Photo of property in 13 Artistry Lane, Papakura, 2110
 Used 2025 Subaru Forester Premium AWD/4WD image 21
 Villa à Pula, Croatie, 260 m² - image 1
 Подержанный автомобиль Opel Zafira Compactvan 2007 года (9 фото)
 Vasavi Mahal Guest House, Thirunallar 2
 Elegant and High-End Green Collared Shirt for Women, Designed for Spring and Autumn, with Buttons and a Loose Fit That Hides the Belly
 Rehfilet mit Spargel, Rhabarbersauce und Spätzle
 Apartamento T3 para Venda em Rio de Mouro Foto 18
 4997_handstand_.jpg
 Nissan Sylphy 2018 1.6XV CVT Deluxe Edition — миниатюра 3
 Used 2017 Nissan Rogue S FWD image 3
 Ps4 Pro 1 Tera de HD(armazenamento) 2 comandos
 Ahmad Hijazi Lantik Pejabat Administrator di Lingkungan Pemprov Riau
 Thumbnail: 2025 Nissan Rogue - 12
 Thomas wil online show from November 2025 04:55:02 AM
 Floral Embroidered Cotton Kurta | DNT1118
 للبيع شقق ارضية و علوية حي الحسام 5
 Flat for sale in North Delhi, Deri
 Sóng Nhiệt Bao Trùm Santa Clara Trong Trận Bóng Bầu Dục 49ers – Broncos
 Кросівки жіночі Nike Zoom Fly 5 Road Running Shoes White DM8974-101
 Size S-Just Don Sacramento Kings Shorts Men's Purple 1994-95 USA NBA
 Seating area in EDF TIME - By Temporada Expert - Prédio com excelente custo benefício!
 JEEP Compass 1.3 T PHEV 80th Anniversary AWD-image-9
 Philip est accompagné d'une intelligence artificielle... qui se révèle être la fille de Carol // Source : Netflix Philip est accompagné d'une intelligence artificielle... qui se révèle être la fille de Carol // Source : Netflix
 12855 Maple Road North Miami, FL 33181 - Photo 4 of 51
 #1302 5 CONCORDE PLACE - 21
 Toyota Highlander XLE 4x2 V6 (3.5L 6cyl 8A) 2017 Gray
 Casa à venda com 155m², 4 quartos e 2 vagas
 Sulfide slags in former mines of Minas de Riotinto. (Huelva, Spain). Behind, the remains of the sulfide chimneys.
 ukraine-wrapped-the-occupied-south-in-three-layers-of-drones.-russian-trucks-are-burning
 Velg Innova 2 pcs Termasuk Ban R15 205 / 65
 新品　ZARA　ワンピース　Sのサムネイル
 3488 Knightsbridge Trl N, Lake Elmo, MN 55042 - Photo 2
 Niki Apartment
------------------------------
- [What this task involves]: The listing above has to be repeated exactly, down to the last line.

- [Output]:
Photo of property in 13 Artistry Lane, Papakura, 2110
 Used 2025 Subaru Forester Premium AWD/4WD image 21
 Villa à Pula, Croatie, 260 m² - image 1
 Подержанный автомобиль Opel Zafira Compactvan 2007 года (9 фото)
 Vasavi Mahal Guest House, Thirunallar 2
 Elegant and High-End Green Collared Shirt for Women, Designed for Spring and Autumn, with Buttons and a Loose Fit That Hides the Belly
 Rehfilet mit Spargel, Rhabarbersauce und Spätzle
 Apartamento T3 para Venda em Rio de Mouro Foto 18
 4997_handstand_.jpg
 Nissan Sylphy 2018 1.6XV CVT Deluxe Edition — миниатюра 3
 Used 2017 Nissan Rogue S FWD image 3
 Ps4 Pro 1 Tera de HD(armazenamento) 2 comandos
 Ahmad Hijazi Lantik Pejabat Administrator di Lingkungan Pemprov Riau
 Thumbnail: 2025 Nissan Rogue - 12
 Thomas wil online show from November 2025 04:55:02 AM
 Floral Embroidered Cotton Kurta | DNT1118
 للبيع شقق ارضية و علوية حي الحسام 5
 Flat for sale in North Delhi, Deri
 Sóng Nhiệt Bao Trùm Santa Clara Trong Trận Bóng Bầu Dục 49ers – Broncos
 Кросівки жіночі Nike Zoom Fly 5 Road Running Shoes White DM8974-101
 Size S-Just Don Sacramento Kings Shorts Men's Purple 1994-95 USA NBA
 Seating area in EDF TIME - By Temporada Expert - Prédio com excelente custo benefício!
 JEEP Compass 1.3 T PHEV 80th Anniversary AWD-image-9
 Philip est accompagné d'une intelligence artificielle... qui se révèle être la fille de Carol // Source : Netflix Philip est accompagné d'une intelligence artificielle... qui se révèle être la fille de Carol // Source : Netflix
 12855 Maple Road North Miami, FL 33181 - Photo 4 of 51
 #1302 5 CONCORDE PLACE - 21
 Toyota Highlander XLE 4x2 V6 (3.5L 6cyl 8A) 2017 Gray
 Casa à venda com 155m², 4 quartos e 2 vagas
 Sulfide slags in former mines of Minas de Riotinto. (Huelva, Spain). Behind, the remains of the sulfide chimneys.
 ukraine-wrapped-the-occupied-south-in-three-layers-of-drones.-russian-trucks-are-burning
 Velg Innova 2 pcs Termasuk Ban R15 205 / 65
 新品　ZARA　ワンピース　Sのサムネイル
 3488 Knightsbridge Trl N, Lake Elmo, MN 55042 - Photo 2
 Niki Apartment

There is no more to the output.